Following her mother’s unexpected death, Shalini finds herself set adrift amid a life of privilege in Bangalore, India. She is unstimulated and unfulfilled by her job as an accountant for a nonprofit – a fact her boss has started to notice and comment on – and is no longer interested in the cycle of working and partying that her friends are engaged in.

As she searches for meaning, Shalini remembers a charming Kashmiri salesman who frequented her childhood home and coaxed rare smiles from Shalini’s mother. Bashir Ahmed disappeared only a few years before the death of Shalini’s mother, and Shalini makes a tenuous connection between the two events.

Determined to find out what happened to Bashir Ahmed (and confront him for his perceived role in her mother’s death), Shalini sets out for a remote Himalayan village in the region of Kashmir, a territory whose ownership is disputed by India and Pakistan and by the Muslim and Hindu residents.
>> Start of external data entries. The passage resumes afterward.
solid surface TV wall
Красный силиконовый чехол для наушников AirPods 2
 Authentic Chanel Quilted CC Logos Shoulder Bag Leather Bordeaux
Vijay’s debut novel envelopes the reader in sadness. The story explores the impact of lost opportunities and squashed dreams, of rejection and judgement based on faith and identity, and of cowardice and hopelessness on Shalini and the people around her.

If it weren’t for the occasional moment where Shalini stops to take in the beauty of the landscape or to interact with Bashir Ahmed’s grandson, it would have been easy to be bogged down by these darker feelings. It also would have been easy had the story not been so compelling, so multifaceted in its view of the complex situation in Jammu and Kashmir.

Shalini was raised in southern Indian by a father who believes the Hindus in Kashmir are blameless victims of Muslim extremists. He is hesitant to let her go to the region and keeps insisting that she reach out to military official he knows in the region.

When Shalini arrives in Jammu, she immediately realizes she is just another person looking for a lost loved one in the area. The hostel where she stays is filled with men looking for brothers, uncles, fathers, and cousins who have disappeared amid the violence, and her hosts have their own sad story to tell about how the conflict has touched them. Her experiences at the hostel lead Shalini to realize the black and white view Hindus hold of Kashmir is unjust and encourages the Indian military to react with force rather than compassion.

As she gets to know Bashir Ahmed’s family and village, Shalini is introduced to further shades of gray. The Muslim family is shunned by their neighbors for their (perceived) actions in the conflict, and Shalini learns that most in the predominantly Muslim community blame the violence on outsiders rather than Kashmiri Hindus.

All these nuances force Shalini to confront her biases and her feelings towards her mother’s death, a story that slowly unfolds as the novel alternates between the past and the present. Vijay’s handling of these nuances and the complex feelings they evoke demonstrate the promise she has as a writer. This was a standout novel for me – debut or not.